Mr. Rossi and Vetteguy, approximately how long is the drive to Barracuda in terms of time? I drove down there yesterday and it took us over an hour to get there (probably because we lost our way twice! ). What's the quickest way to get there? Also, why do people drive all the way to Barracuda when apparently the shops in Ajman are much closer?


----------



## Vetteguy (Jan 3, 2010)

pamela0810 said:


> Mr. Rossi and Vetteguy, approximately how long is the drive to Barracuda in terms of time? I drove down there yesterday and it took us over an hour to get there (probably because we lost our way twice! ). What's the quickest way to get there? Also, why do people drive all the way to Barracuda when apparently the shops in Ajman are much closer?


It takes me about an hour to get there from JLT and the reason I go there is because it is much cheaper than the shops in Dubai. Besides the camels there are fun to watch. I drive the Emirates Road (E311) to exit 103 and follow the signs to Barracuda Resort. I haven't been to the shop in Ajman because I have no idea where it is. Maybe you can give me directions.....


----------



## pamela0810 (Apr 5, 2010)

Vetteguy said:


> It takes me about an hour to get there from JLT and the reason I go there is because it is much cheaper than the shops in Dubai. Besides the camels there are fun to watch. I drive the Emirates Road (E311) to exit 103 and follow the signs to Barracuda Resort. I haven't been to the shop in Ajman because I have no idea where it is. Maybe you can give me directions.....


I've never been to the Ajman one either. In my 11 years being in Dubai, yesterday's Barracuda trip was my first ever and we went through the same route as you taking exit 103. But you are right about the camels. We even had a donkey cross in front of us yesterday! What a wonderful experience!


----------



## Mr Rossi (May 16, 2009)

As Vetteguy says, quickest way is Emirates road then exit at Dreamlands Aquapark.

I went to one of the hole in the walls in Ajman when I first arrived in Dubai. Talk about a nerve shattering experience. Literally was a hole in the wall, didn't know what stock they had and how much things were, guy in the window shouting at me, guy behind me shouting at me. Everone rushing about then speeding off in their cars. Much prefer the civility of pushing a trolley round Barracuda, reading wine labels etc. Also a few people has said the places in Ajman sell fake spirits from time to time.


----------



## pamela0810 (Apr 5, 2010)

I did enjoy marvelling at the 10 thousand dollar bottle of wine in the cellar!
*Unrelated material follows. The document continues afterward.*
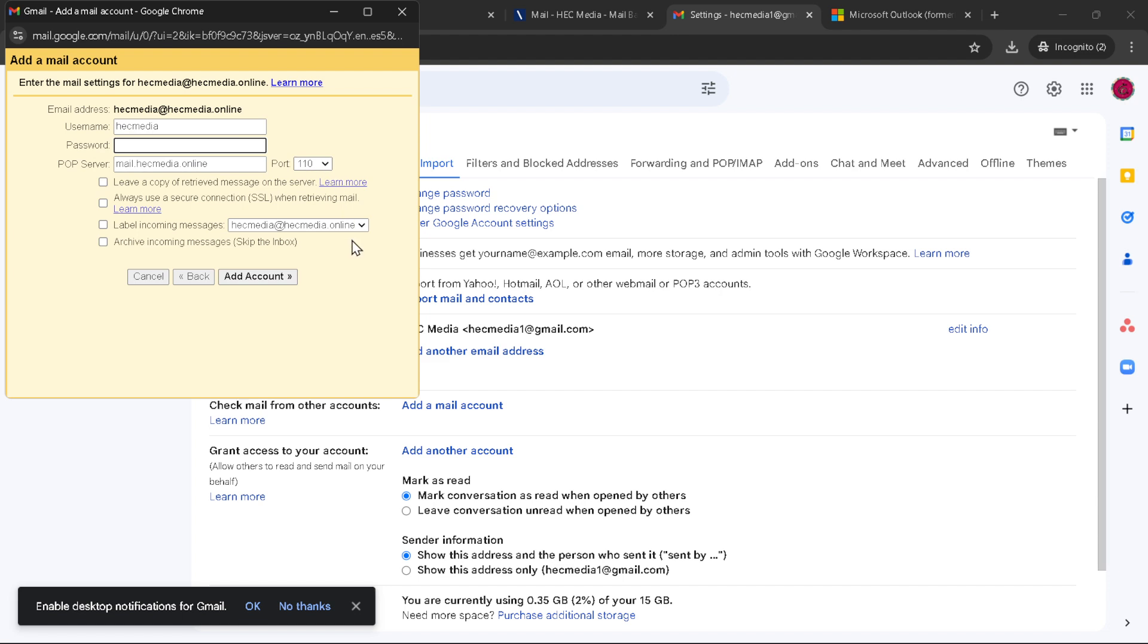A few additional tips to keep in mind. Ensure your Ionos email settings allow for email forwarding or POP/IMAP access, as this will be essential for retrieving your emails through Gmail. Also, remember that changes to your email settings can take a few minutes to take effect, so don't worry if you don't see your Ionos emails in Gmail immediately.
Barracuda is now going to be on my monthly "place to visit" agenda!  They have a nice collection of wines!
Looks like Ajman is definitely out of the question now!


----------



## mayotom (Nov 8, 2008)

also Abu Dhabi have a few places for booze without a licence... the selection is good and it takes about the same time to get there as baracuda and while making a trip of it, AD is far more interesting than UAQ


----------



## sdh080 (Jan 20, 2010)

pamela0810 said:


> I did enjoy marvelling at the 10 thousand dollar bottle of wine in the cellar! Barracuda is now going to be on my monthly "place to visit" agenda!  They have a nice collection of wines!
> Looks like Ajman is definitely out of the question now!


Only 10,000 dollar


----------



## pamela0810 (Apr 5, 2010)

sdh080 said:


> Only 10,000 dollar


 Hence the wonderful experience! I think it was under lock and key!


----------



## Lamplighter (Jul 20, 2010)

hi mayotom

I'm working in Mussafah and do the Dubai-AD-Dubai slog most days! Are any of the booze stops on my route? (E11 - E10 - E30 - E22)

Cheers


----------



## sdh080 (Jan 20, 2010)

pamela0810 said:


> Hence the wonderful experience! I think it was under lock and key!
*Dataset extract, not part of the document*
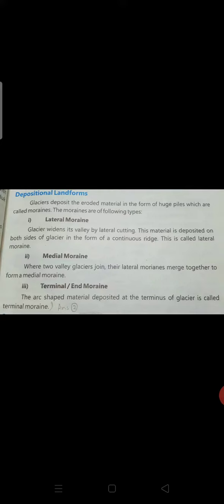Terminal moraine — this is actually the end of question number two. You will write it down in your notebooks very neatly and carefully.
Next time you're in Terminal 3 at the Airport you should got for a look in Le Clos, some of the ones in there will make 10,000 dollar look like cheap plonk.


----------



## pamela0810 (Apr 5, 2010)

sdh080 said:


> Next time you're in Terminal 3 at the Airport you should got for a look in Le Clos, some of the ones in there will make 10,000 dollar look like cheap plonk.


Oh damn!! I think I'm going to buy a ticket just to go have a look!


----------



## Vetteguy (Jan 3, 2010)

Lamplighter said:


> hi mayotom
> 
> I'm working in Mussafah and do the Dubai-AD-Dubai slog most days! Are any of the booze stops on my route? (E11 - E10 - E30 - E22)
> 
> Cheers


There is a place in the National Hotel called the High Spirits close to the Carrefour on Old Airport Road (Highway 2). No liscense hassles actually alot of locals get their stash there. Prices are a little more than the Barracuda but less than Dubai.


----------



## Lamplighter (Jul 20, 2010)

Vetteguy said:


> There is a place in the National Hotel called the High Spirits close to the Carrefour on Old Airport Road (Highway 2). No liscense hassles actually alot of locals get their stash there. Prices are a little more than the Barracuda but less than Dubai.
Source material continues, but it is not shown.